Wednesday, July 28, 2010

Marcellus markets

It really is true that when I wrote Energy-Burgh some years ago some folks downtown literally laughed.  I think the quote from one was just that it was too much "old Pittsburgh".  Just not something anyone wanted to pay much attention to beyond a bit of interest in the coal side and in particular the persistent hope for 'clean coal' in some form. In one conversation it was explained to me that the piece was actually distracting from the region's economic development efforts. 

What a difference just a few years make.

Anyway, the Marcellus bandwagon has reached some form of critical mass for sure.  I see the PBT now has an energy blog and the most recent post has the catchy title: Marcellus Freakonomics, that is commenting on the recent earnings announcement of Range Resources, the discoverer I take and leader of the pack developing the vast Marcellus Shale.  I wonder if Levitt gets a royalty on the title alone? 

The post has two interesting things really worthing cogitating on.  One is that the the company seems to be making the point that there is some vast and unnatural profitability in their natural gas development.. way beyond any other potential investment out there from the numbers transcribed there.   I'll skip the tax issues as political as they are, but it sure seems there is a big mispricing there somewhere.  Would not such vast profitability be capitalized into land values in most such markets? Makes you wonder about the efficiency of the land markets across Pennsylvania.

But a bigger issue.  There is a quote there from the CEO I take is from the earnings call on the future of natural gas trying to address the lower price of natural gas these days compared to the past:

"Most electric generation in the future will be with natural gas. We’ll get through this period of low gas prices. Demand will pick up at some point. It’s going to happen.”
If most electricity in the future is natural gas then what does that say for nuclear?  I'm not quite disputing the prognostication actually.  There is a big issue not talked about that there has not been a lot of movement toward the new domestic nuclear power plants in the US.   W is fine I am sure, but part of their growth has been based on that market developing and it's a bit unclear where the domestic nuclear industry is going right now. We may need to get past the recession to really find out.

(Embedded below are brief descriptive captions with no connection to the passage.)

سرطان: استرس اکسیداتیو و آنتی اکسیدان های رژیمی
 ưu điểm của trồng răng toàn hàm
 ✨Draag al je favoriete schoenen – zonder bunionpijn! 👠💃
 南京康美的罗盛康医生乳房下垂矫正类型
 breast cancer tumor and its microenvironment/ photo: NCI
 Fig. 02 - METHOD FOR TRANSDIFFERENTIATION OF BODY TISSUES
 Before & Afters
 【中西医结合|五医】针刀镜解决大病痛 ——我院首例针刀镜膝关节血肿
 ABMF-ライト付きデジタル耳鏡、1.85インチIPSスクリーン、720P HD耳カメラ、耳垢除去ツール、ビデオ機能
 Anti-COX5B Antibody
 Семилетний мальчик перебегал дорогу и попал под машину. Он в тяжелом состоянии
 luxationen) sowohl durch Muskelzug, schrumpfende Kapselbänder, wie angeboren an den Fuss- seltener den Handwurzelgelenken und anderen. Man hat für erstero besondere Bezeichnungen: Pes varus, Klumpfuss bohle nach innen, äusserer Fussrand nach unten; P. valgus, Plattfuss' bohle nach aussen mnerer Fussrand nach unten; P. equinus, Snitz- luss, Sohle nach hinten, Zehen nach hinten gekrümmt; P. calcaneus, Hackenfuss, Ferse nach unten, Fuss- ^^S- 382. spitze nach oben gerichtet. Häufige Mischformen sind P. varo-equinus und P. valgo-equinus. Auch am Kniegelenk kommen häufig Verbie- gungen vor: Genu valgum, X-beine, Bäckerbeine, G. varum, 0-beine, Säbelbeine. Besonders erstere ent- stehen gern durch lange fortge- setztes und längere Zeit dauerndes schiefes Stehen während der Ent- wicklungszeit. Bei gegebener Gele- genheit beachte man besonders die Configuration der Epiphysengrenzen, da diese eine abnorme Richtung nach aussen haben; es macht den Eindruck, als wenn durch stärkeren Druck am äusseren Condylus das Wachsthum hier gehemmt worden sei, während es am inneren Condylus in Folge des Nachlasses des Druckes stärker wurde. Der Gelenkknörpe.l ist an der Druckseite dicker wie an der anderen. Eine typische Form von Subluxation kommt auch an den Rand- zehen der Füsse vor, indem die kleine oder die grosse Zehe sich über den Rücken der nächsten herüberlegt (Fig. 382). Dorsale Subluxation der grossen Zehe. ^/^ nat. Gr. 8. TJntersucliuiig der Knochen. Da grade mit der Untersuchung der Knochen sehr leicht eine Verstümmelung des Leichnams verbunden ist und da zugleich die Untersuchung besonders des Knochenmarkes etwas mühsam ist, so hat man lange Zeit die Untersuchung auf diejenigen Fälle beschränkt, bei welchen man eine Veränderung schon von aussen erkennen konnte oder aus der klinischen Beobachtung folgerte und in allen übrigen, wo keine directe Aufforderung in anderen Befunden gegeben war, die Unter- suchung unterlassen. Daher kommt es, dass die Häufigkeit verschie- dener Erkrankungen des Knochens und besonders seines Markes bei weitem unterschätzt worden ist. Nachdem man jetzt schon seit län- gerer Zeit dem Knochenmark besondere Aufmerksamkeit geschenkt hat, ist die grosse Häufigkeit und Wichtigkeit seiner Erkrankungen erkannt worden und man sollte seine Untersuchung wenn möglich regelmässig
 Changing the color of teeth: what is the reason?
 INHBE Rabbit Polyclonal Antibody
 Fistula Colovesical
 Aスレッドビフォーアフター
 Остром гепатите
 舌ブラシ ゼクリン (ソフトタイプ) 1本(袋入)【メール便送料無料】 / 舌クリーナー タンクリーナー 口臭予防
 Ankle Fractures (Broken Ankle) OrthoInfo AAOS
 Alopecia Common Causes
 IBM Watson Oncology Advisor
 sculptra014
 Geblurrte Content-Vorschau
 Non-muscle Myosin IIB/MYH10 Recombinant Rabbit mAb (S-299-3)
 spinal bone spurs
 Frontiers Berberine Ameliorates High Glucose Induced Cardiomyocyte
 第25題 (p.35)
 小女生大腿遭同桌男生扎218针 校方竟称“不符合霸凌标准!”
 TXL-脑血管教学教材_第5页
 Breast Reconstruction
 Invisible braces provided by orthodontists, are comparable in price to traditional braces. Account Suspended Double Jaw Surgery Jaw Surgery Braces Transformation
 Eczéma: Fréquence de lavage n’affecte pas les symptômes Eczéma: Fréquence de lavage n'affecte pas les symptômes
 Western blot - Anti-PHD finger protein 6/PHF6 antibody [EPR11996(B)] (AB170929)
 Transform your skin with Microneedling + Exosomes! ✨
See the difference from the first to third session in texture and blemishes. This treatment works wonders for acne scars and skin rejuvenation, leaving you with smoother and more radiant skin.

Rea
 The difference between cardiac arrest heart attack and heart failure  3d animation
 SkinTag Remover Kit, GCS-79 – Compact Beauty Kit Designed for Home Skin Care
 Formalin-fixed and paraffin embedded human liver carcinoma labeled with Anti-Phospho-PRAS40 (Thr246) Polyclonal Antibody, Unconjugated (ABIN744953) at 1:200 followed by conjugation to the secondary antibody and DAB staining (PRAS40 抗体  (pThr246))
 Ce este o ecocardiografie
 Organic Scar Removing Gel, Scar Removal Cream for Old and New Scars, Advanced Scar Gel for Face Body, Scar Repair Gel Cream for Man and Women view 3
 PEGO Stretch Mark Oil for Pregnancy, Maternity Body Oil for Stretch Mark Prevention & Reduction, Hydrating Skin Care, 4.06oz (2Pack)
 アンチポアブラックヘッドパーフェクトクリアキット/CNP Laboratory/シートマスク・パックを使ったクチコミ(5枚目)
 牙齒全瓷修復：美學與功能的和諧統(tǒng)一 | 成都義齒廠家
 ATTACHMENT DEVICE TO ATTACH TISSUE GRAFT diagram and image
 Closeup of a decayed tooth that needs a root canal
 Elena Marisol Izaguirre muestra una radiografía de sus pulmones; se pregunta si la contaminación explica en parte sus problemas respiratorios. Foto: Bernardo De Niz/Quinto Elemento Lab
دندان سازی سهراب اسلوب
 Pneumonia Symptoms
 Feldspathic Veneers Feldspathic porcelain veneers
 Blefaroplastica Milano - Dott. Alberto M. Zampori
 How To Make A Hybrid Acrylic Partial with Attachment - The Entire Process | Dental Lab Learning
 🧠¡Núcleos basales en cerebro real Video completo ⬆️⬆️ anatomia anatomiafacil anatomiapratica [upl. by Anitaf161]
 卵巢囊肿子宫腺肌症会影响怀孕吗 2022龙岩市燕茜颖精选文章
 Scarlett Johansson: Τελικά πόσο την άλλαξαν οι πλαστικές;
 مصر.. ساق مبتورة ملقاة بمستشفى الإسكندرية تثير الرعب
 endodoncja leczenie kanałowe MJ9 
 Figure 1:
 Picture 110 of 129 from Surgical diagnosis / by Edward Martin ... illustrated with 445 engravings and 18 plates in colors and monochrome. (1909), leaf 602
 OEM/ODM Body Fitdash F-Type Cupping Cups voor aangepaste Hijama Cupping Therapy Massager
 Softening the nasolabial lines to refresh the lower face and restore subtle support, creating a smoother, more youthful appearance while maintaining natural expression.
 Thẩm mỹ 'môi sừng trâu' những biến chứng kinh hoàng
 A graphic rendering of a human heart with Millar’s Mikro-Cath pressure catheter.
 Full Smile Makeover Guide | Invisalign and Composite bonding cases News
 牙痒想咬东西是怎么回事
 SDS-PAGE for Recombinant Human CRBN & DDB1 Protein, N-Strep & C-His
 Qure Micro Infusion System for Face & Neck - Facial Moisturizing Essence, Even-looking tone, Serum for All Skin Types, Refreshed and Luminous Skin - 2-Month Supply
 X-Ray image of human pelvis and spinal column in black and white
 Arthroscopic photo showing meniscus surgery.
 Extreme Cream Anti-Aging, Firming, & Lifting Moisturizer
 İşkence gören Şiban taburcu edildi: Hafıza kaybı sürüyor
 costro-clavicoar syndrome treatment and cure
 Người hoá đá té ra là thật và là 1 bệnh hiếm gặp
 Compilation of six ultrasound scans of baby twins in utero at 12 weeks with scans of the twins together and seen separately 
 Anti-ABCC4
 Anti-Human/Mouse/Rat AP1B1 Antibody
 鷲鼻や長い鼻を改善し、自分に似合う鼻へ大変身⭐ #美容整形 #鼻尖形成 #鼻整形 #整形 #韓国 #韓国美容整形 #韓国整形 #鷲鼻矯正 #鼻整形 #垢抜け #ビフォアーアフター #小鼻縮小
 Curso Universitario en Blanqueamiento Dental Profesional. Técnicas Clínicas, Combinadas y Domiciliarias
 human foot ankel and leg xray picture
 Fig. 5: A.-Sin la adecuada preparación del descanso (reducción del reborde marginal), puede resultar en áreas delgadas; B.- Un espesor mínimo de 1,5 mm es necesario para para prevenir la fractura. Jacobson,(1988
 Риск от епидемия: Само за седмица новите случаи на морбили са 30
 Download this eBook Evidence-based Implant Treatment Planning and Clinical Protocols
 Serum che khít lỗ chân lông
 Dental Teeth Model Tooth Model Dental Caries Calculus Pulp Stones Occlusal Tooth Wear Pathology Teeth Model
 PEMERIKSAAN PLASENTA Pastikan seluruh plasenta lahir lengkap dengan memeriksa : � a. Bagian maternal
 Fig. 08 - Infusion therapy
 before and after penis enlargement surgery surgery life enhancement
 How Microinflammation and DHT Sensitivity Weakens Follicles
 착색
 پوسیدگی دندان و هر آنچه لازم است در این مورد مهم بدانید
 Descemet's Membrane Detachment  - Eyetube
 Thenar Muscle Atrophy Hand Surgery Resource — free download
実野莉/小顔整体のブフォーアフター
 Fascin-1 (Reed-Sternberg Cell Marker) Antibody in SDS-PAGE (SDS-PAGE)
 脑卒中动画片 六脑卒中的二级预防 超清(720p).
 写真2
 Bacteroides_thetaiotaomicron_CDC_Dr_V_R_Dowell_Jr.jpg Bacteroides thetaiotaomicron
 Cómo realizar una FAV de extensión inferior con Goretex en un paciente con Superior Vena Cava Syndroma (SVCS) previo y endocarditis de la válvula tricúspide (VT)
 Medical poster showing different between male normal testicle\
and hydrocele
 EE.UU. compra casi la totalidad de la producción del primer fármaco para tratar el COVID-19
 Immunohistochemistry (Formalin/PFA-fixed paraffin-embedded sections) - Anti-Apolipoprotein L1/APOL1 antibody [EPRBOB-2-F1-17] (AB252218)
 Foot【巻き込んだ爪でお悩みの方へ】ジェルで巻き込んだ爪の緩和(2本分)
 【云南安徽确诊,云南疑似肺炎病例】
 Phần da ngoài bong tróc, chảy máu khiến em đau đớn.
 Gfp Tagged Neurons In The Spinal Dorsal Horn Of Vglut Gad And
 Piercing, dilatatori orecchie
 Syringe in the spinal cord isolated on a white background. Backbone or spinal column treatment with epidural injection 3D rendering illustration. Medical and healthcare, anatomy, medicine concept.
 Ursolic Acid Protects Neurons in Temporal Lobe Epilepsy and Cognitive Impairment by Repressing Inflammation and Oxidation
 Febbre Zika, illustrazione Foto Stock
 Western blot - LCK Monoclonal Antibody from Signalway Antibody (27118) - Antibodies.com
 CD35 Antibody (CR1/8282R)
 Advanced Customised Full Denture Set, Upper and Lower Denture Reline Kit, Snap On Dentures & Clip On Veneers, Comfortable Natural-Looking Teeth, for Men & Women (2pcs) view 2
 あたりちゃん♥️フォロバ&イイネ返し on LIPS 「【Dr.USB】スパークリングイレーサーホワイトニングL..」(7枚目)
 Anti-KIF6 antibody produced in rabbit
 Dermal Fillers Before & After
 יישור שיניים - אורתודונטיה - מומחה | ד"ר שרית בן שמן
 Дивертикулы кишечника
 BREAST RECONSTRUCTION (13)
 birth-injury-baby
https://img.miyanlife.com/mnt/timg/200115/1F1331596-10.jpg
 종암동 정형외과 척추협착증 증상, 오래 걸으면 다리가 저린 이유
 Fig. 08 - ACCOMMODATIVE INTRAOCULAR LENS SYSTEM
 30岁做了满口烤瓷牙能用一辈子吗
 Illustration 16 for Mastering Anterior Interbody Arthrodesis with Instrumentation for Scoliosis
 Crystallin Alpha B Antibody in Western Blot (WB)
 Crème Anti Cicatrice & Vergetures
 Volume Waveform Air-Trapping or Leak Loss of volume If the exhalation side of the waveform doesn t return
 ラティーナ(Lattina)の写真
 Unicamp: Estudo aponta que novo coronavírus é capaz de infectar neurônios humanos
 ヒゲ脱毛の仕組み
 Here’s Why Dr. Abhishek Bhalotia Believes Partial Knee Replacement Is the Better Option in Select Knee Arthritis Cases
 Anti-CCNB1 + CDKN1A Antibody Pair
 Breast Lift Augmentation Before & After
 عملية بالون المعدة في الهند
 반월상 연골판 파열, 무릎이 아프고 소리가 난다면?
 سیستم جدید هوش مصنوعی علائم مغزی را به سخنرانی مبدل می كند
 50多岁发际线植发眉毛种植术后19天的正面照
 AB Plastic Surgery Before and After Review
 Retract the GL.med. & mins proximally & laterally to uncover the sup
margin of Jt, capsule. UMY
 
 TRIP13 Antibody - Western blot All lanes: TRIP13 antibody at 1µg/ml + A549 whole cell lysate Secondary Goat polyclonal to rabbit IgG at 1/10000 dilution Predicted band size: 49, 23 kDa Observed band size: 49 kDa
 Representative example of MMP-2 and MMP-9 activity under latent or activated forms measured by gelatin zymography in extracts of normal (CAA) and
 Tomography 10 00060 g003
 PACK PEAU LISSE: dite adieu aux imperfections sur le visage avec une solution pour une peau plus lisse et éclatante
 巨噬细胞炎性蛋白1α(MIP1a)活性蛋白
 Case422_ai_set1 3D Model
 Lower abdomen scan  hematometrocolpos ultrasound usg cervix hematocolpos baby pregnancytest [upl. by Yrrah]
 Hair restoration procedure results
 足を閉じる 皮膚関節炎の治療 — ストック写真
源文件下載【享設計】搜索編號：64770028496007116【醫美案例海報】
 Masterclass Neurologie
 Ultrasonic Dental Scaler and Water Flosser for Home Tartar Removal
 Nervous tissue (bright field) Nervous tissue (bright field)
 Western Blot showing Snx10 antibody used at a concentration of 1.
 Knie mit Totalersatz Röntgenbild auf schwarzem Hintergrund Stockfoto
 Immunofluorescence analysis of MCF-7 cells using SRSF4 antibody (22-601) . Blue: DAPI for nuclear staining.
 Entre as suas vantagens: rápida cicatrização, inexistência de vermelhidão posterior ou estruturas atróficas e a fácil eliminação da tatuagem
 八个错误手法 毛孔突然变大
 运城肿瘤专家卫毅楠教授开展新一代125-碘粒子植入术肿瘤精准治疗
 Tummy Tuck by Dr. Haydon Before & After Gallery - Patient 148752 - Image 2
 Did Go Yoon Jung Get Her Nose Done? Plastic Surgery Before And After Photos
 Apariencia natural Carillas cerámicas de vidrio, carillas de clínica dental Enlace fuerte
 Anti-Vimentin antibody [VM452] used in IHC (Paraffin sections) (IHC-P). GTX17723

Time will tell what that says for the growth trajectory at the big W, which is in itself one of the region's largest single largest employers. Something I would love to do actually if I had anywhere near the time would be to compute and compare the jobs impact locally of nuclear and mining, which includes all the new NatGas development.  Could be interesting.


Anonymous BrianTH said...

Gah--why would people laugh at further diversifying Pittsburgh's economy? And don't they understand that today's modern, streamlined industrial companies may not be the mass employers of a prior era, but they still create tons of secondary work that used to be done in-house?

Anyway, my sense is that when it comes to nukes versus gas in the future, it all depends on how far in the future you are talking. I gather you just can't build nuke generating capacity at the same rate as gas generating capacity, so it makes a big difference whether the future is 2025 or 2050.

Wednesday, July 28, 2010 10:13:00 AM  
Anonymous The Wiz said...

Look into the Utica shale for gas. Could be even bigger than the Marcellus. Also GasFrac Energy Services has developed a fracing technique that doesn't use water which may alleviate much of the opposition to horizontal drilling.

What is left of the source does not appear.